Work item -
Exactly the lines from the one with "this 400×600 image." through the end of the data below must be set down, and no pictures with them.

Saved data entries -
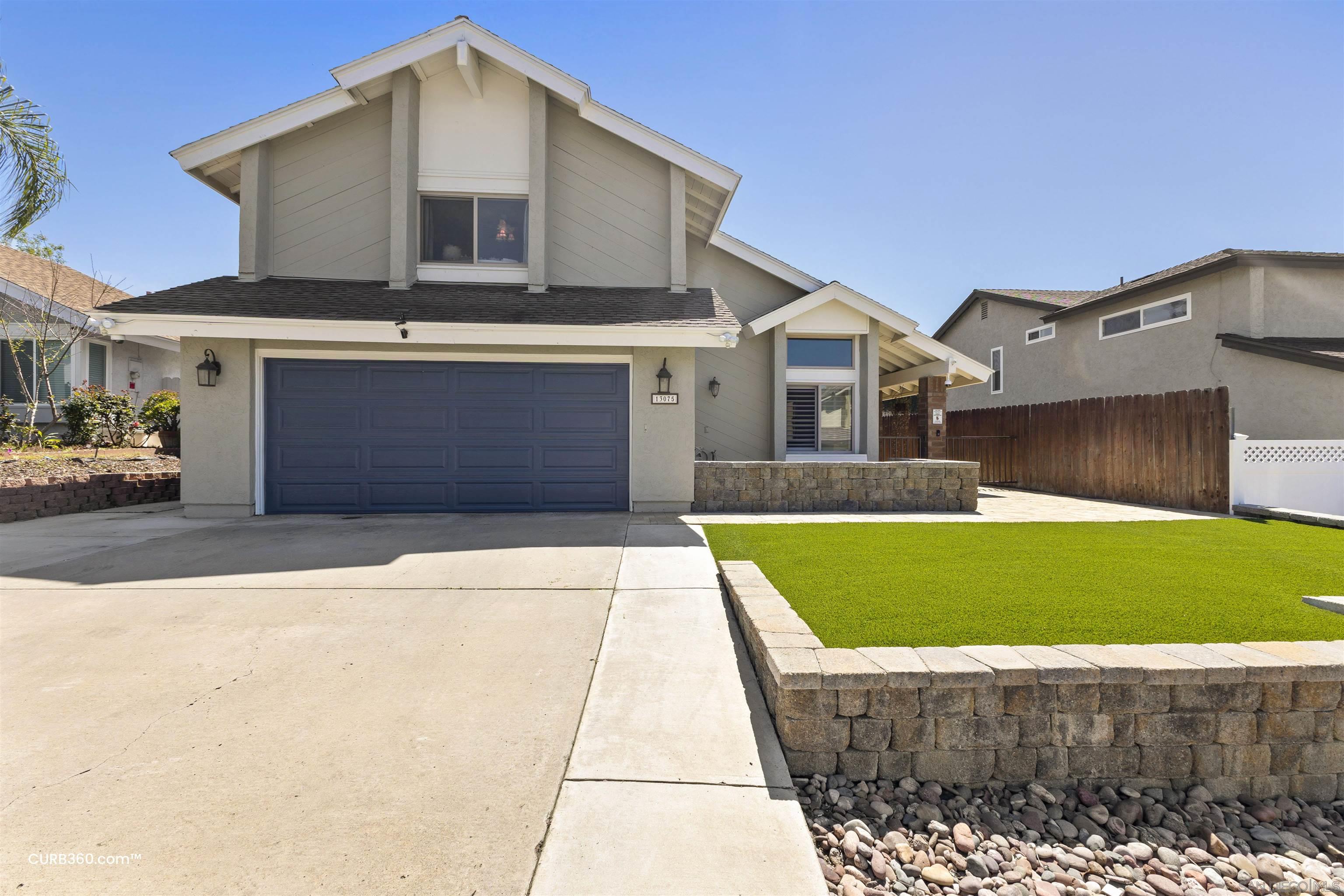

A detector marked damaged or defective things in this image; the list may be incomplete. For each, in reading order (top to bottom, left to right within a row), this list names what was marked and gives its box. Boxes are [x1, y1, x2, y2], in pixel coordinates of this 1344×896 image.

driveway crack [0, 631, 267, 811]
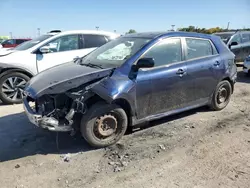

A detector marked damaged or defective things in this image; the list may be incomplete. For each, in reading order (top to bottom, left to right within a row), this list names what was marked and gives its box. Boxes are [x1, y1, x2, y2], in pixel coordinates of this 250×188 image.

dented hood [24, 62, 112, 98]
damaged blue hatchback [23, 31, 236, 148]
crumpled front bumper [22, 97, 72, 132]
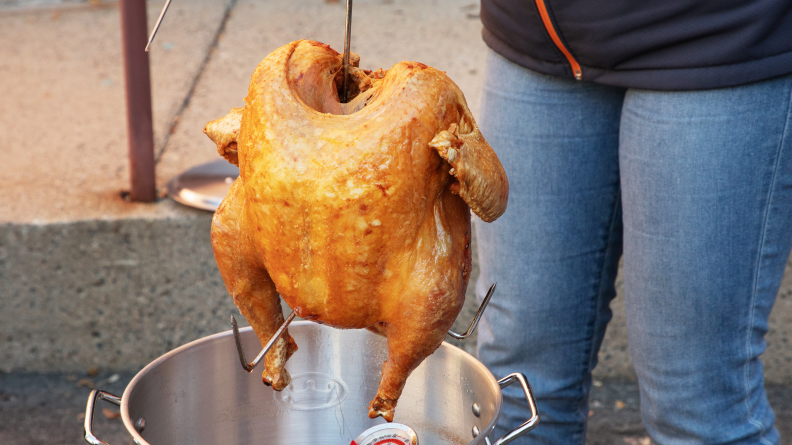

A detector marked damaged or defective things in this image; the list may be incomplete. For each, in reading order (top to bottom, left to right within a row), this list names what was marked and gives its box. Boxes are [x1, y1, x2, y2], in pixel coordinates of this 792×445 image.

rusty metal pole [118, 0, 155, 201]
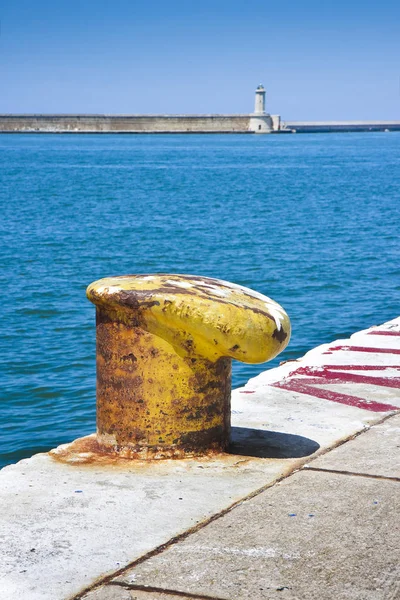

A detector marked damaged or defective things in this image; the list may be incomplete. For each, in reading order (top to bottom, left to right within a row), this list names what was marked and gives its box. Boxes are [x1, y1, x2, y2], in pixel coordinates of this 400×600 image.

rusty bollard base [74, 276, 290, 460]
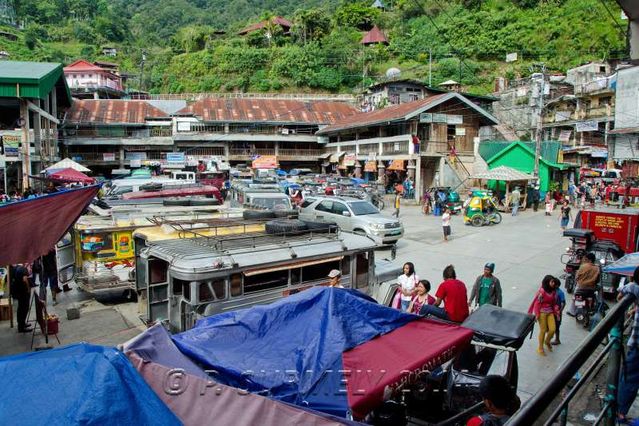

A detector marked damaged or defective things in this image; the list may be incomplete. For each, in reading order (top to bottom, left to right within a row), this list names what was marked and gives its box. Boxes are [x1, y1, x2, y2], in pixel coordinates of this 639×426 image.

rusted roof [239, 16, 294, 35]
rusted roof [362, 25, 388, 45]
rusted roof [65, 100, 170, 125]
rusted roof [176, 99, 360, 125]
rusted roof [318, 91, 498, 135]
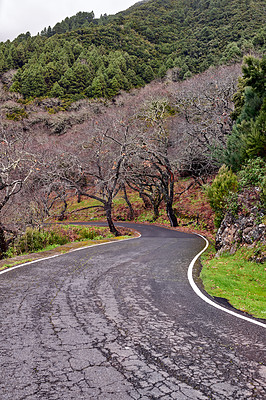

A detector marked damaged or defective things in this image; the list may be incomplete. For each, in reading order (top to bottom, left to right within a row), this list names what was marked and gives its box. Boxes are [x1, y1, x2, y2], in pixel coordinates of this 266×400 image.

cracked asphalt [0, 223, 266, 398]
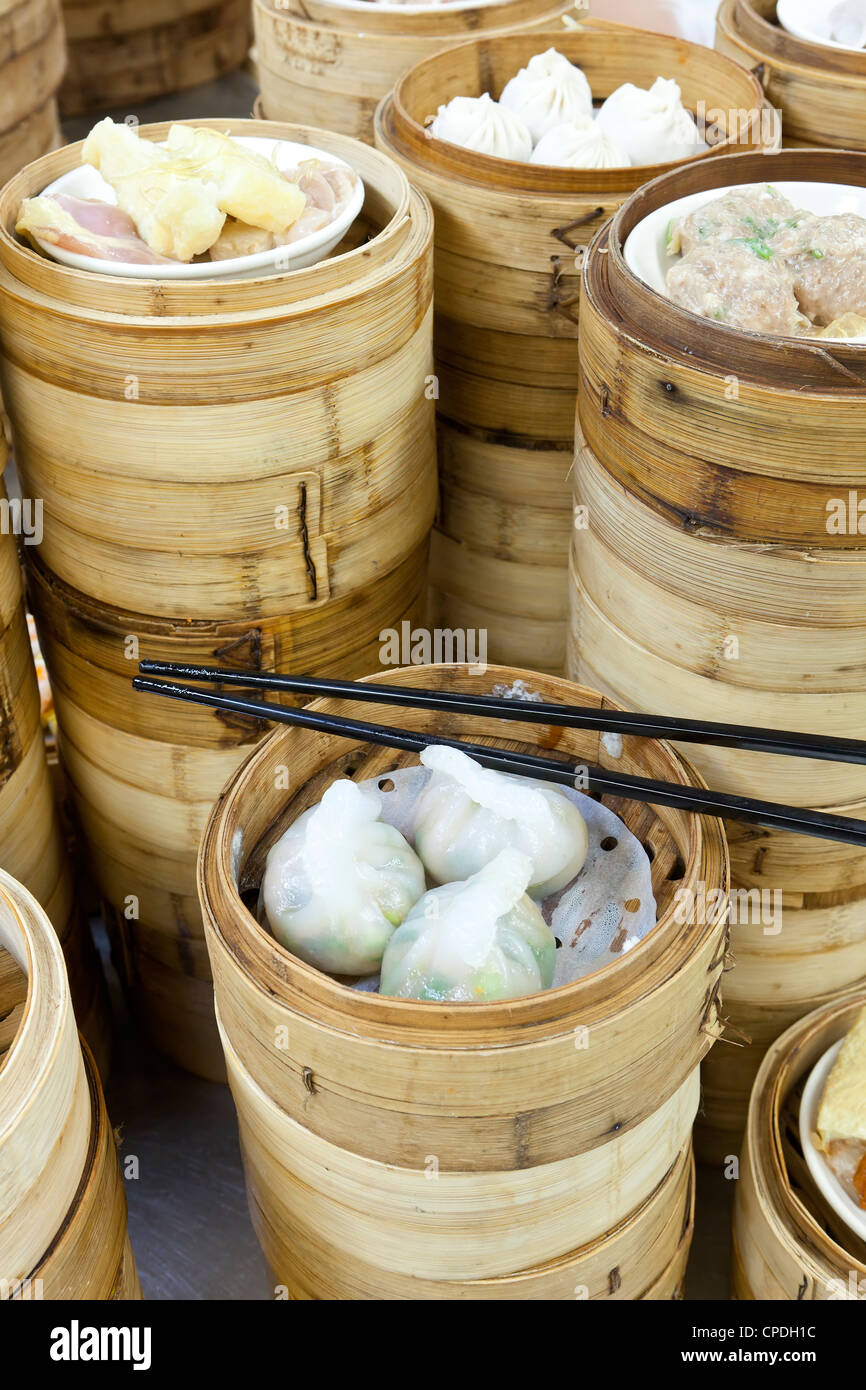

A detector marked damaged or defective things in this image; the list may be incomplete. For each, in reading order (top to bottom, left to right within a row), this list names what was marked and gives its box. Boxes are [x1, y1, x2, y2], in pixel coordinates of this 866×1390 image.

charred mark on bamboo [301, 480, 322, 600]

Answer box -
A detector marked damaged or defective things in this image; the list may be incomplete. For each, in reading order (top to bottom, left to right within a row), this list names what was marked and gives its box. Boxes are [x1, y1, x2, y2], in pixel coordinates of this 400×600 image.

rusty bollard base [74, 276, 290, 460]

A detector marked damaged or defective things in this image; the list may be incomplete. For each, in reading order (top to bottom, left to right within a row), this list names what was marked and gives its box. Boxes are [x1, y1, x2, y2], in pixel coordinates of this 639×426 image.

rusted roof [239, 16, 294, 35]
rusted roof [362, 25, 388, 45]
rusted roof [65, 100, 170, 125]
rusted roof [176, 99, 360, 125]
rusted roof [318, 91, 498, 135]

A detector marked damaged or defective things in this image; the list may be incomplete. For each, in reading order (top to bottom, left to right within a row), this list names what was marked and gives its box. Boxes are [x1, y1, x2, y2], in pixel coordinates of this 266×400 image.

cracked asphalt [0, 223, 266, 398]

A detector marked damaged or defective things in this image; the list may be incomplete. For each, in reading order (top to bottom, left to right within a row), this list names what was marked and gives its box. Boxes are [x1, y1, x2, y2], in pixel coordinates of this 866×1390 image.

charred mark on bamboo [301, 480, 322, 600]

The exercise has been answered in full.